When I asked about how the spotlight shapes the impact of dissent from within the ranks, Paul also talked about the internal reasoning behind the idea of going through proper channels. “I don’t think it is necessarily helpful for public attention to be paid to, specifically, the State Department dissent channel because that is supposed to be an internal forum for dissent. And when it goes public, and when it is politicized, as particularly the Afghan dissent cable was last summer, I think that disincentivizes people from joining the same cables, and I think it also makes the administration take the content of those cables less seriously.”

But in a fast-moving crisis, “public dissent is also important” in pushing change that an administration might otherwise avoid via the bureaucratic rope-a-dope of listening sessions and town halls and offers of emotional support to unhappy staff. It’s just that, as Paul learned in walking away from a stable job, it comes with consequences.

In a Trump presidency, of course, there might have been another very real consequence both for the folks who speak out publicly and the ones who go through proper channels: The very real possibility of a presidential social media attack on the critics as pro-terrorist or anti-American or otherwise deserving of whatever the trolls could send their way.

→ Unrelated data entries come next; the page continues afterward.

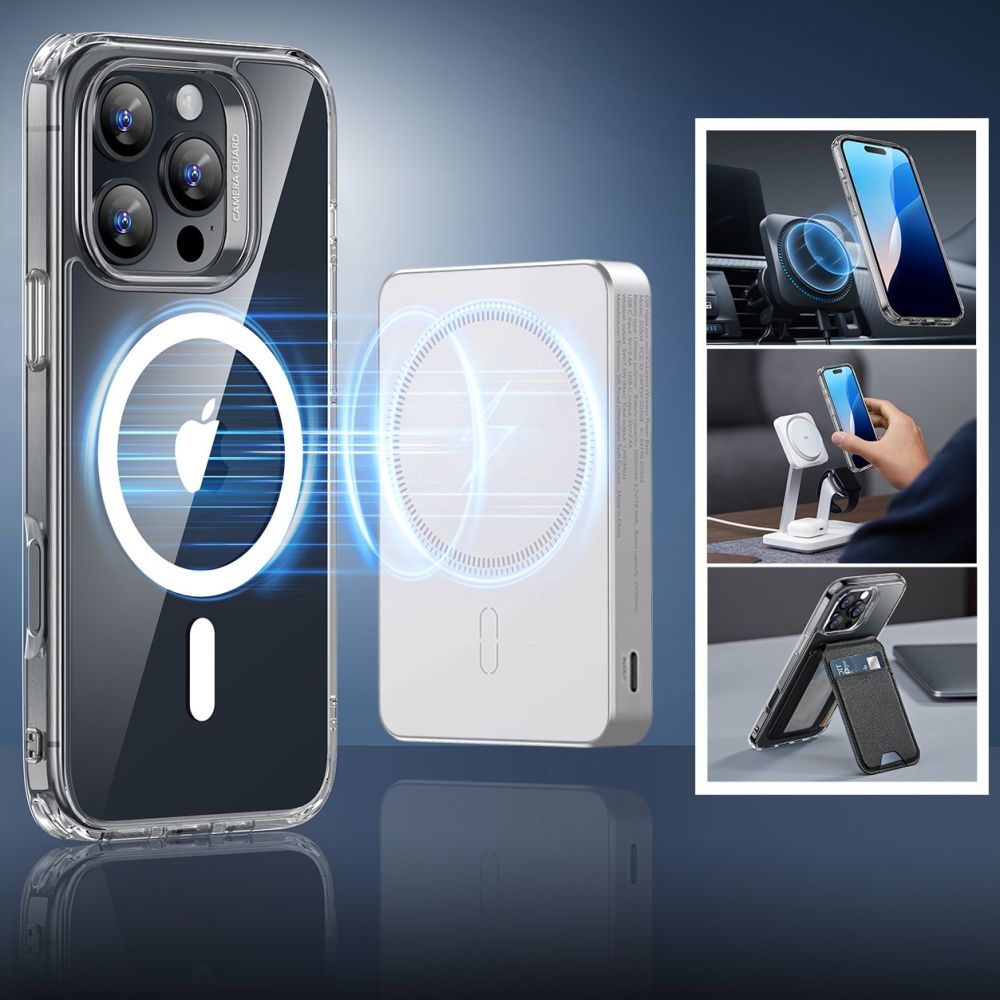 ESR HaloLock MagSafe dėklas iPhone 16 Pro Max + stiklas -- iPhone 16 Pro Max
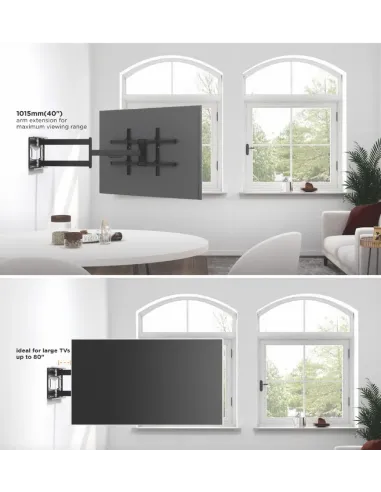 Equip Soporte de pared para TV de movimiento completo con brazo largo de 43"-80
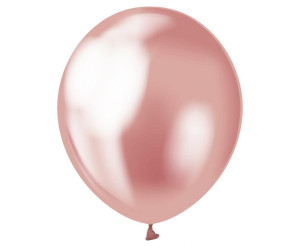 Balony Lateksowe Metaliczne Różowe 7 Szt. 30 Cm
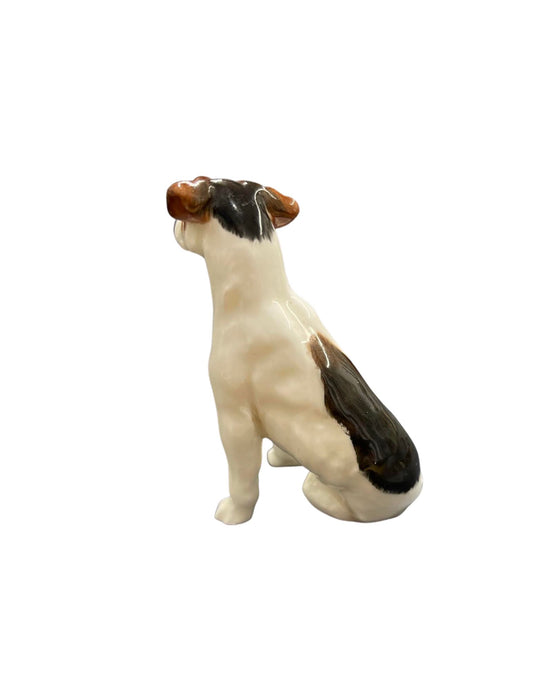 VINTAGE ROYAL DOULTON K7 SITTING AMERICAN FOX HOUND DOG FIGURINE (smooth fox terrier)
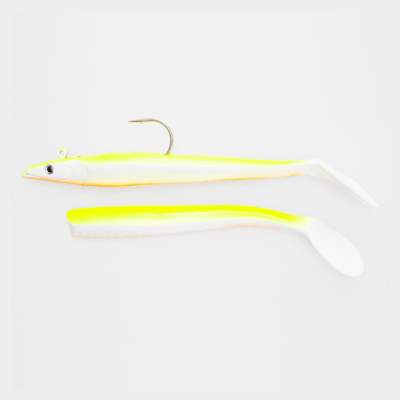 Savage Gear Saltwater Sandeel, 17cm, 65g, 2 bodies & 1 Head, Lemon Back 17cm - Lemon Back - 65g - 2+1Stück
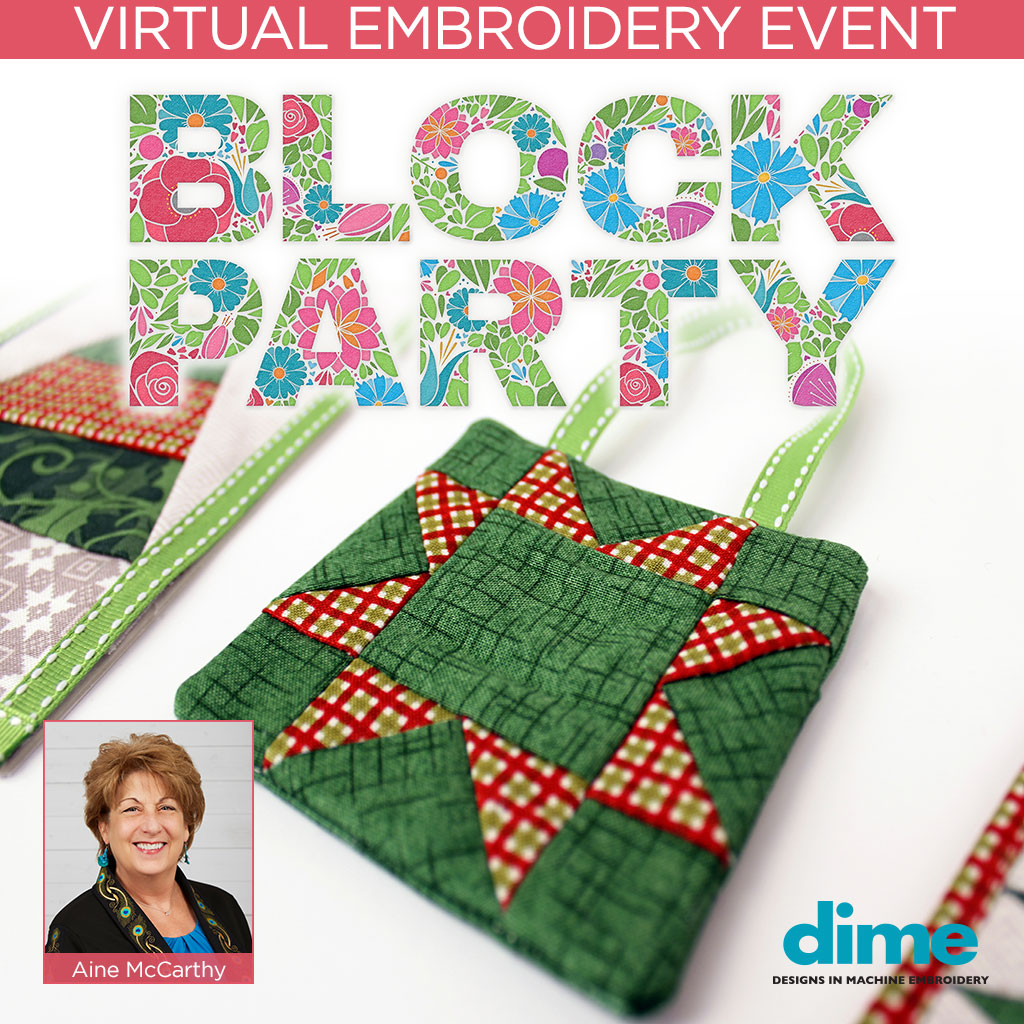 Block Party Virtual Embroidery Event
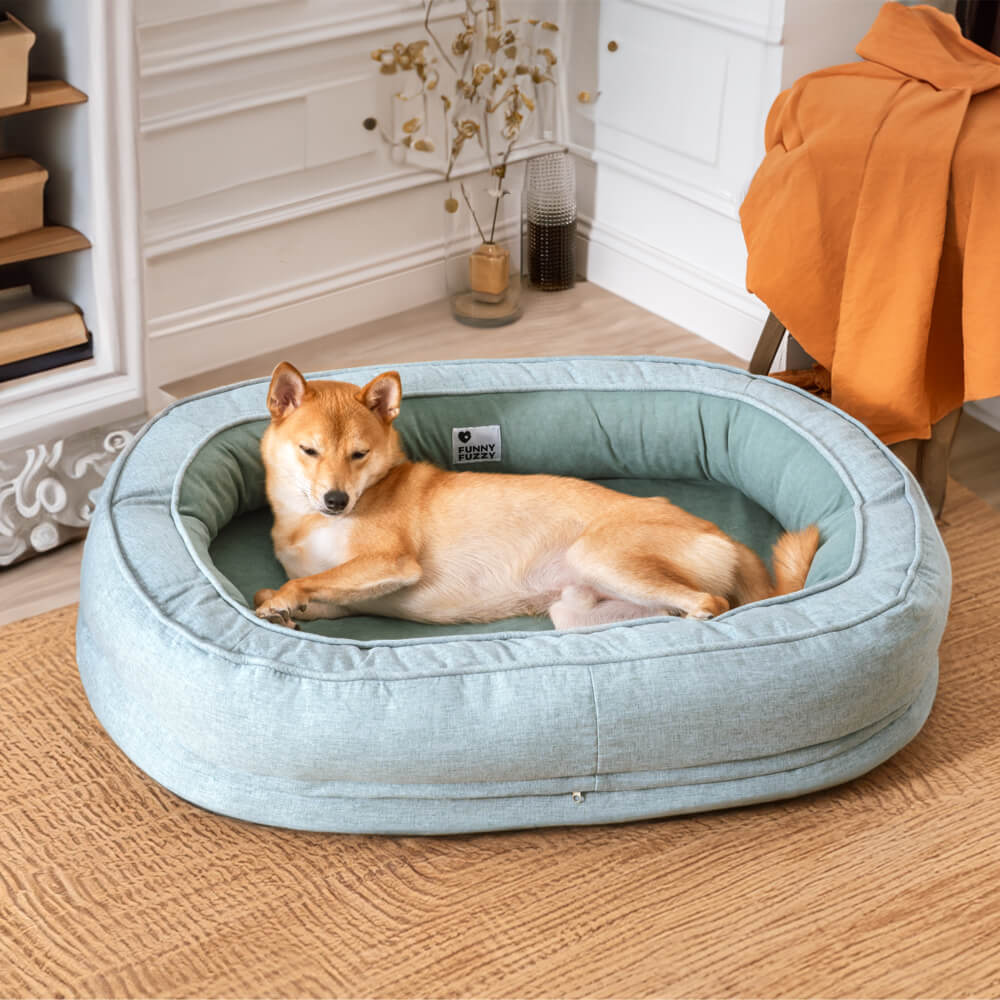 Replacement Cover for Donut Dog Bed, Machine Washable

That’s not Biden’s move, to his credit. But in reading Paul’s resignation or the dissent cable, I wonder whether it would be better for the administration to actually engage with the sorts of criticism being leveled by its own staff.

Right now, the most attention-getting skepticism about the administration’s full embrace of the Israel-Hamas war comes from people who accuse Biden of genocide — and takes place against a backdrop where a fair number of activists have tiptoed toward excusing Hamas. By contrast, the internal dissenters who have made news this month were appalled by Hamas’ brutality and largely focused on America’s own national interests, values and credibility, the sort of hard-headed conversations that are largely missing in the social media fray. It’s not to say that they’re right, just that it might be more edifying for the country than the one-sided exchange between team Biden and a crowd of angry sloganeers.

“I mean, obviously, I’m biased — I spent 30 years in the organization,” Feeley said. “But they’re really good debates. … One of the things I think that you can say about people who, one, join the Department of State and two, who dissent, is that they tend to be people who are very comfortable living in a world of gray. They can hold two opposing thoughts at the same time. And they can see the validity in both of them. And you know, at the end of the day, sometimes you can’t do both of them. So you gotta come down on one side, and that’s where some of the nastiest fights take place.”